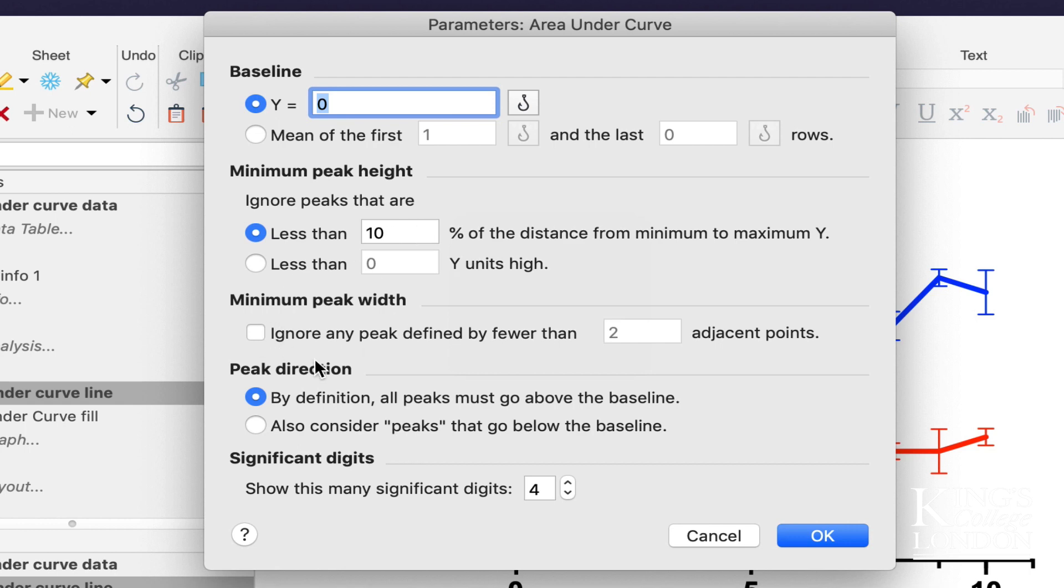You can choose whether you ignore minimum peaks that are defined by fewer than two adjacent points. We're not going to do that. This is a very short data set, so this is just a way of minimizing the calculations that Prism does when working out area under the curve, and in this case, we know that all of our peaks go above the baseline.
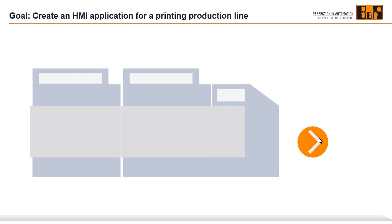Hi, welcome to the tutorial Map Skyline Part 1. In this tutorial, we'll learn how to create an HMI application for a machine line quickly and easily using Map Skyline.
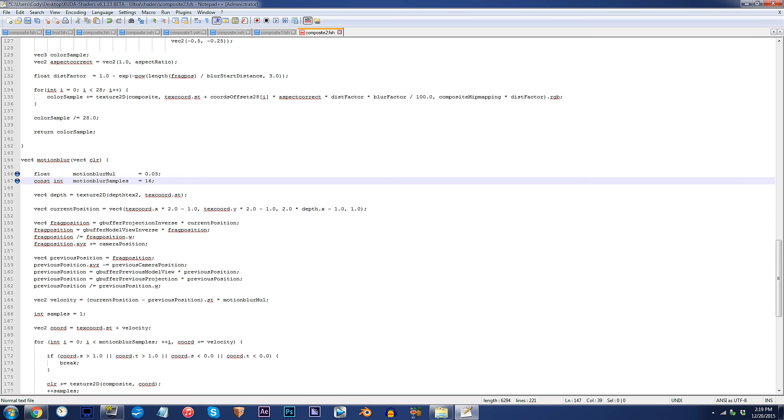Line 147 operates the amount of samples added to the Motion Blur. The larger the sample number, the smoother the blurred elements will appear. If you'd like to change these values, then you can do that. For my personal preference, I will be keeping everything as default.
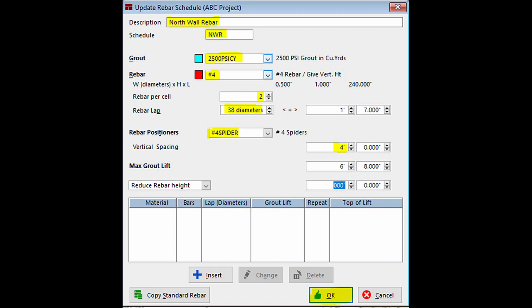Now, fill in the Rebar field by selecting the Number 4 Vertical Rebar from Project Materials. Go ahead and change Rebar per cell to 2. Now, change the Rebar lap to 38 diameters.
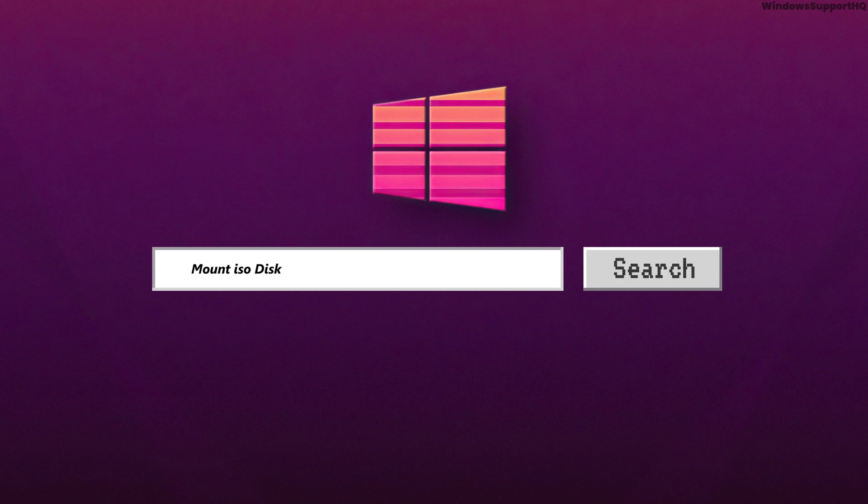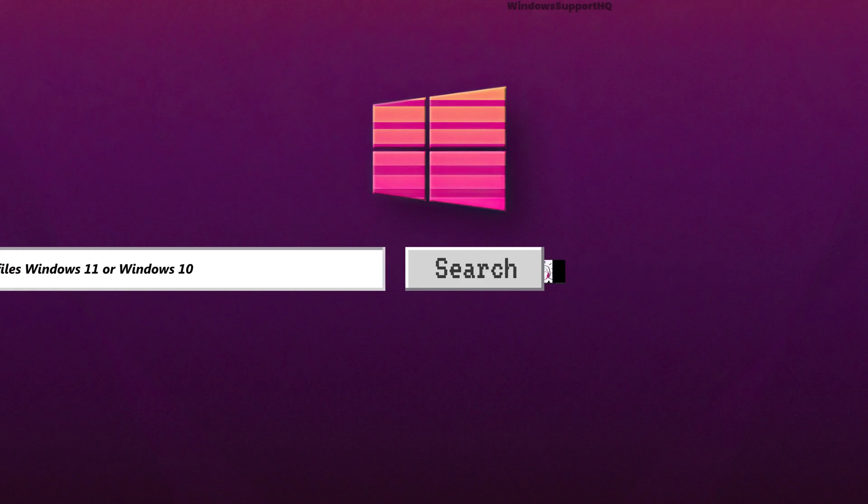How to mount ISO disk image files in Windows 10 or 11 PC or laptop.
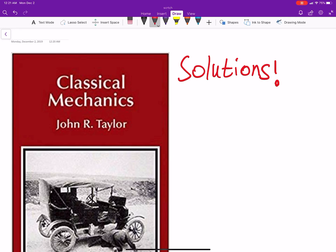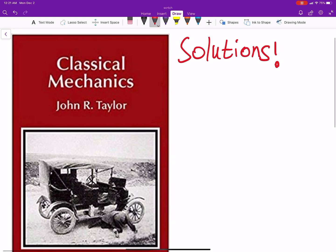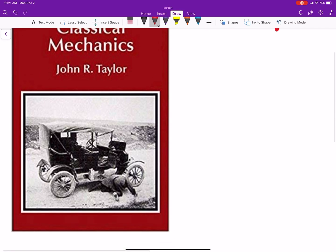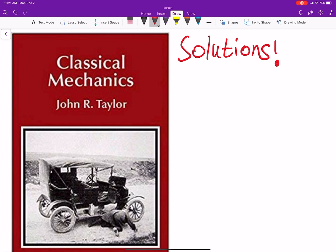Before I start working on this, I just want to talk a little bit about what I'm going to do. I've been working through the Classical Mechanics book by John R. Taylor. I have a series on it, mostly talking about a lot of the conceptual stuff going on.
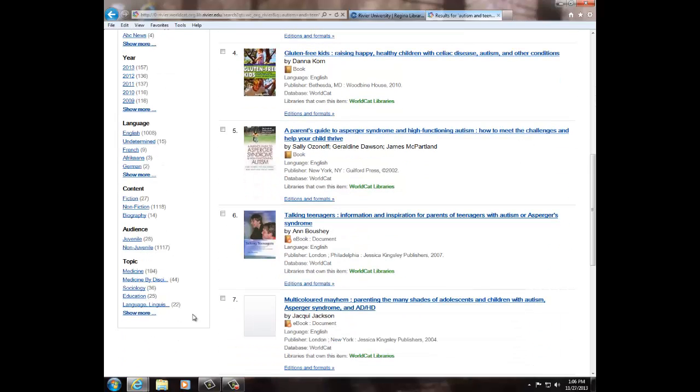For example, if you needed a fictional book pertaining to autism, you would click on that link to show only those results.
+++++
▶ _ASSIGNMENT_
Beginning with the first line of the records above, extract each line exactly through the line that holds "Hi, welcome to", both ends included. Omit pictures.

▶ _ANSWER AREA_
You can choose whether you ignore minimum peaks that are defined by fewer than two adjacent points. We're not going to do that. This is a very short data set, so this is just a way of minimizing the calculations that Prism does when working out area under the curve, and in this case, we know that all of our peaks go above the baseline.
Hi, welcome to the tutorial Map Skyline Part 1. In this tutorial, we'll learn how to create an HMI application for a machine line quickly and easily using Map Skyline.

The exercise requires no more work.